Dari Elisa saya belajar…
Sosok yang sangat menginspirasi saya pada hari ini adalah Elisa. Dalam bahasa Ibrani: אֱלִישַׁע, ʾĔlîšaʿ berarti “Allah (Elohim)-ku adalah keselamatan”. Dalam bahasa Yunani: Ἐλισσαῖος, Elissaios, juga Ἐλισαιέ, Elisaie; Dalam bahasa Latin: Eliseus. Elisa sendiri merupakan putra Safat yang mengalami panggilan dan pengurapan menjadi murid dan nabi melalui nabi Elia. Dikisahkan dalam I Raja-Raja 19:16-19 bahwa, ia menikmati pekerjaannya dengan membajak lahan dengan menggunakan bantuan 12 pasang lembu di ladang ayahnya di Abel-Mehola. Ia sendiri mengemudikan ke-12 lembu.
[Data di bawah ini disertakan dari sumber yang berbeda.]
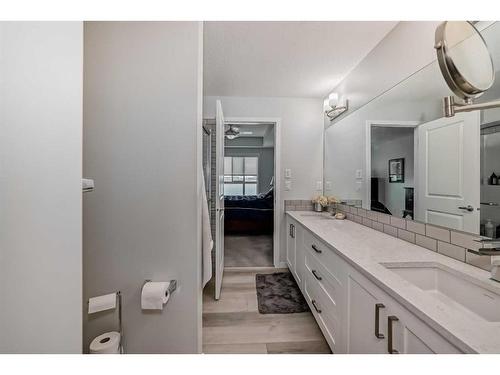 205-360 Harvest Hills Way Ne, Calgary, AB - Indoor Photo Showing Bathroom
Pada saat itu Elia berjalan di dekatnya, sambil melemparkan jubahnya ke bahu Elisa. Ia memahami perilaku nabi Elia dan meminta untuk berpamitan kepada ayah dan ibunya. Elia pun menyetujuinya. Ia masih sempat menyembelih sepasang lembu bajakannya dan memasak dagingnya dengan bajak lembu itu sebagai kayu api. Selanjutnya ia memberikan daging itu kepada orang-orangnya untuk dimakan. Sesudah itu bersiaplah ia, lalu mengikuti Elia dan menjadi pelayannya. Peristiwa ini terjadi sekitar 4 tahun sebelum matinya Ahab. Elisa mengikuti Elia selama lebih kurang 8 tahun, sampai Elia diangkat ke sorga.
Perhatikan baik-baik sikap Elisa ini: Dia membakar alat-alat bajaknya, menyembelih lembu-lembunya, dan mengabaikan warisan keluarganya. Dia meninggalkan semua yang dia kenal dan kasihi. Ia benar-benar menunjukkan kepada kita bahwa semangat pemuridan sejatiu adalah kemampuan untuk meninggalkan zona kenyamanan kita.
Kisah Elisa menjadi pelajaran berharga bagiku dalam mengikuti Yesus sebagai murid-Nya. Elisa memahami panggilan Tuhan melalui nabi Elia. Panggilan ini sifatnya urgen maka mau tidak mau ia harus menyanggupinya. Elisa memiliki komitmen untuk meninggalkan segalanya, katakanlah zona nyaman berupa harta kekayaan. Ia menyembeli, memasak dengan kayu bajak dan membagikan masakannya kepada para pekerjanya. Betapa luhurnya hati seorang murid dan pelayan nabi.
Elisa haruslah menjadi kita. Kita harus berani memahami panggilan Tuhan dan pemuridan. Kita butuh komitmen yang luhur untuk mengabdi Tuhan sebagai orang merdeka dan menunjukkannya dalam kasih yang agung dan luhur.